Data supplied below:
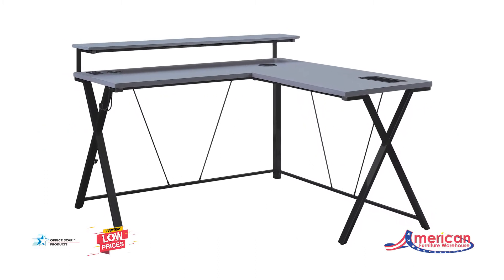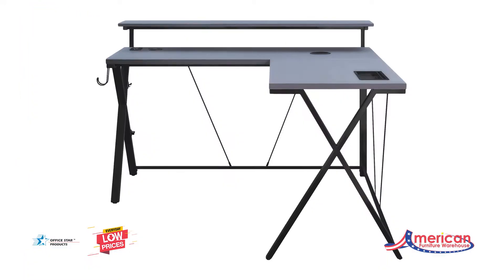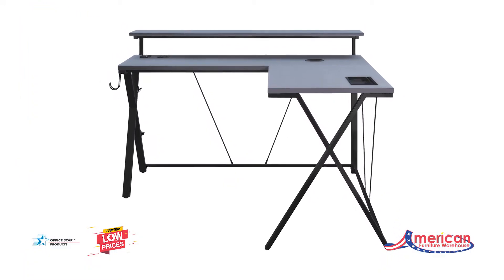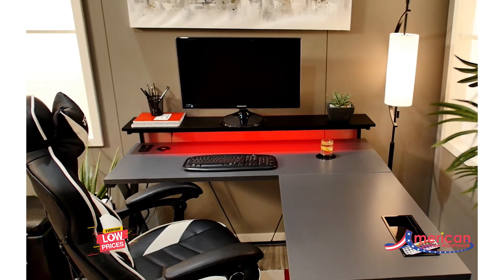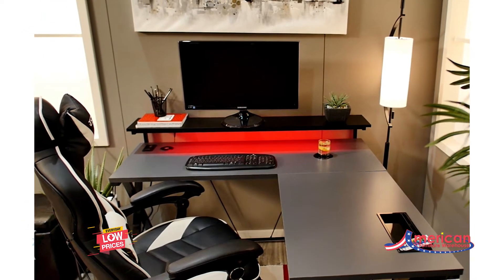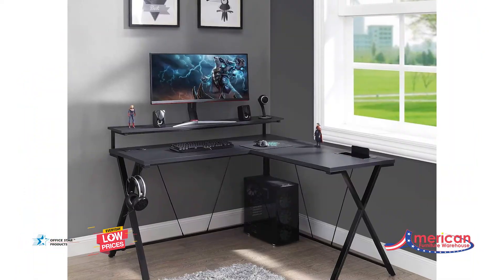Power up and game on with the Series 1.4 Performance Gaming Desk. More than just play, this L-Shape WorkCenter can also get right down to business with its modern features and spacious surface. With its AC power outlet, USB charging ports, and wireless smartphone charging pad, you'll never be left out of the game.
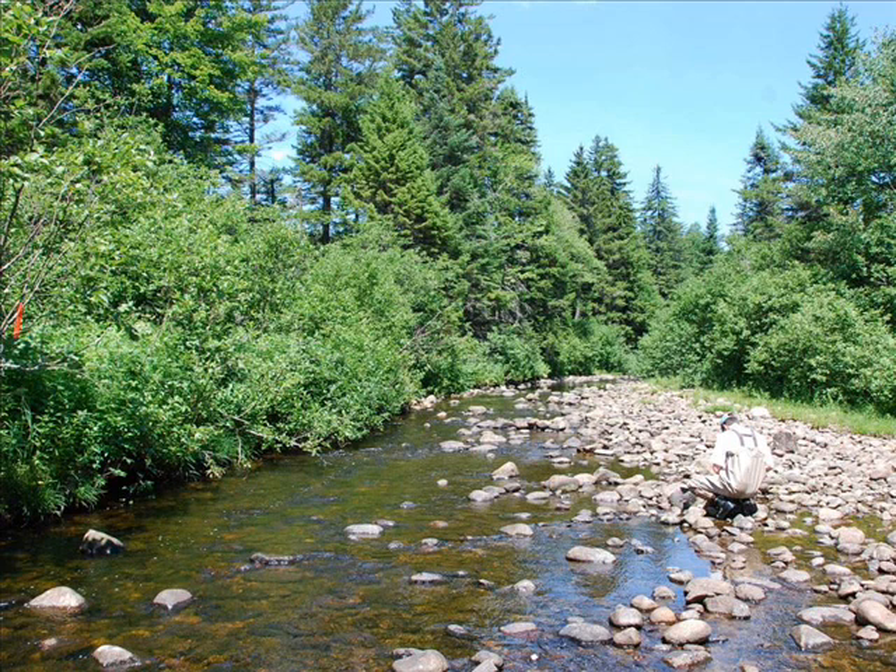In order to aid these log drives, dams were built, portions of the rivers were straightened, and obstructions such as large boulders and trees were removed. These processes were devastating for trout and their habitat.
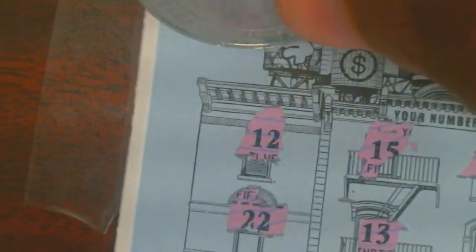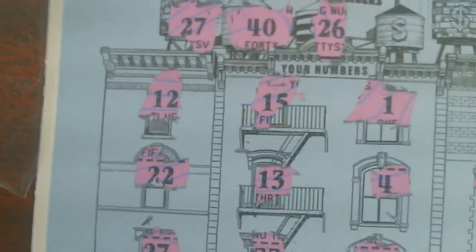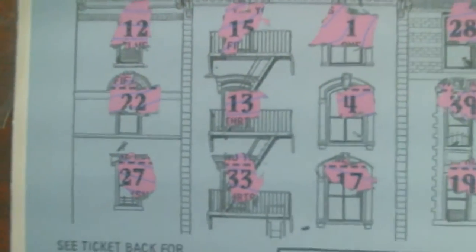All right, no multipliers, but we have numbers to match. We got a match on 27 — beautiful! Numbers revealed: 40, 26, 3, and 24. That 27 is worth $500! Half a grand — not a bad start!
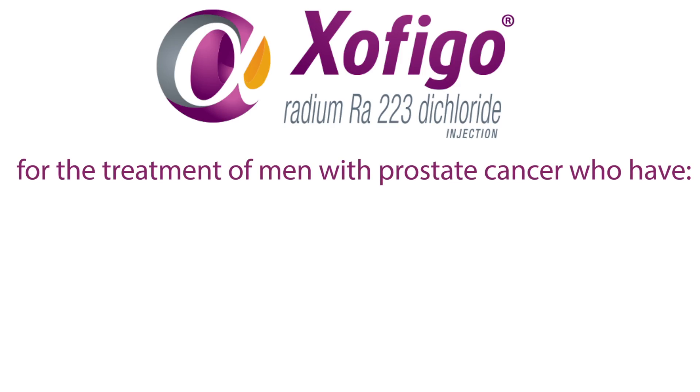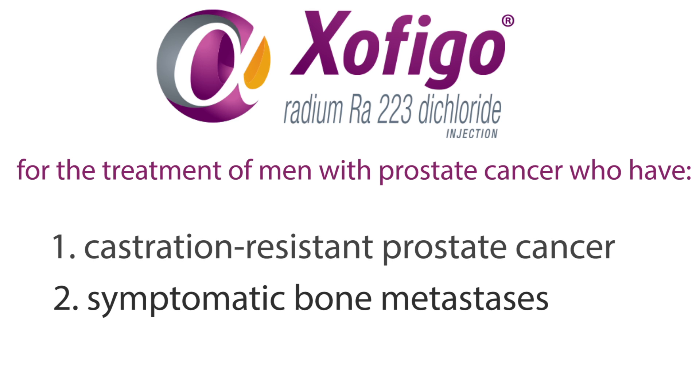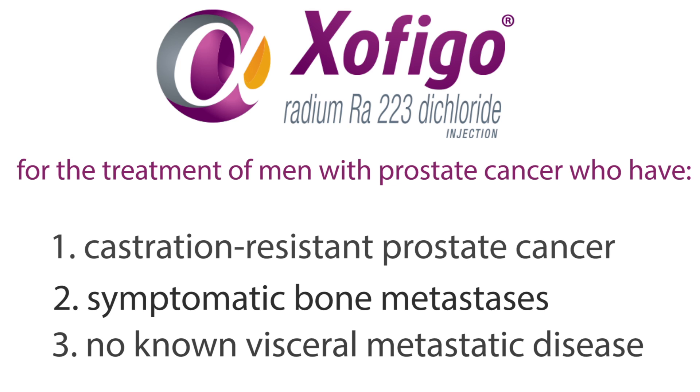Zofigo, or radium-223-dichloride, is approved for the treatment of men with prostate cancer who have castration-resistant prostate cancer, symptomatic bone metastases, and no known visceral metastatic disease.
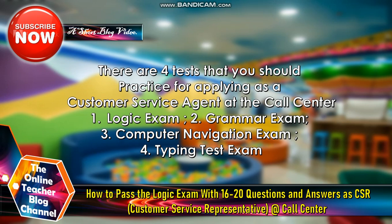So there are four tests that you should practice for applying as a customer service agent or representative at a call center. Number one, logic exam. Number two, grammar exam. Number three, computer navigation exam. Number four, typing test exam.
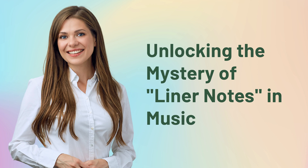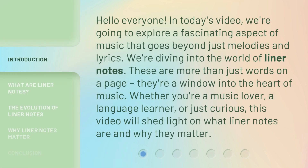Unlocking the Mystery of Liner Notes in Music. Hello everyone, in today's video we're going to explore a fascinating aspect of music that goes beyond just melodies and lyrics. We're diving into the world of liner notes. These are more than just words on a page — they're a window into the heart of music. Whether you're a music lover, a language learner, or just curious, this video will shed light on what liner notes are and why they matter.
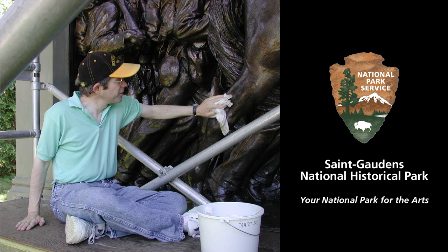Dr. Duffy cleaning a bronze sculpture. Arrowhead emblem of the National Park Service. St. Gaudens National Historical Park. Your National Park for the Arts.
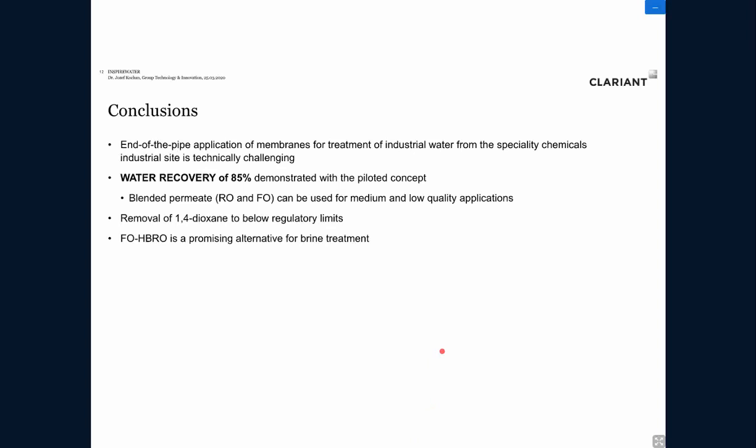To conclude: end-of-pipe application of membranes for treatment of industrial wastewater from specialty chemicals sites is technically very challenging, requiring additional pre-treatment steps for proper operation. The main aspiration of 85% water recovery was achieved by the demonstrated pilot concept. Permeate quality from both the RO and forward osmosis is suitable for medium and low-quality applications. Dioxane could be removed below regulatory limits. The FO/HPro technology is a very promising alternative for brine treatment, making the zero liquid discharge concept very attractive and transferable to other sites in Europe and globally.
End of Data supplied.
The copy should start at the line that contains "In order to", end at the last line of the entries above, and match each line exactly, with pictures dropped.

In order to aid these log drives, dams were built, portions of the rivers were straightened, and obstructions such as large boulders and trees were removed. These processes were devastating for trout and their habitat.
All right, no multipliers, but we have numbers to match. We got a match on 27 — beautiful! Numbers revealed: 40, 26, 3, and 24. That 27 is worth $500! Half a grand — not a bad start!
Zofigo, or radium-223-dichloride, is approved for the treatment of men with prostate cancer who have castration-resistant prostate cancer, symptomatic bone metastases, and no known visceral metastatic disease.
So there are four tests that you should practice for applying as a customer service agent or representative at a call center. Number one, logic exam. Number two, grammar exam. Number three, computer navigation exam. Number four, typing test exam.
Unlocking the Mystery of Liner Notes in Music. Hello everyone, in today's video we're going to explore a fascinating aspect of music that goes beyond just melodies and lyrics. We're diving into the world of liner notes. These are more than just words on a page — they're a window into the heart of music. Whether you're a music lover, a language learner, or just curious, this video will shed light on what liner notes are and why they matter.
Dr. Duffy cleaning a bronze sculpture. Arrowhead emblem of the National Park Service. St. Gaudens National Historical Park. Your National Park for the Arts.
To conclude: end-of-pipe application of membranes for treatment of industrial wastewater from specialty chemicals sites is technically very challenging, requiring additional pre-treatment steps for proper operation. The main aspiration of 85% water recovery was achieved by the demonstrated pilot concept. Permeate quality from both the RO and forward osmosis is suitable for medium and low-quality applications. Dioxane could be removed below regulatory limits. The FO/HPro technology is a very promising alternative for brine treatment, making the zero liquid discharge concept very attractive and transferable to other sites in Europe and globally.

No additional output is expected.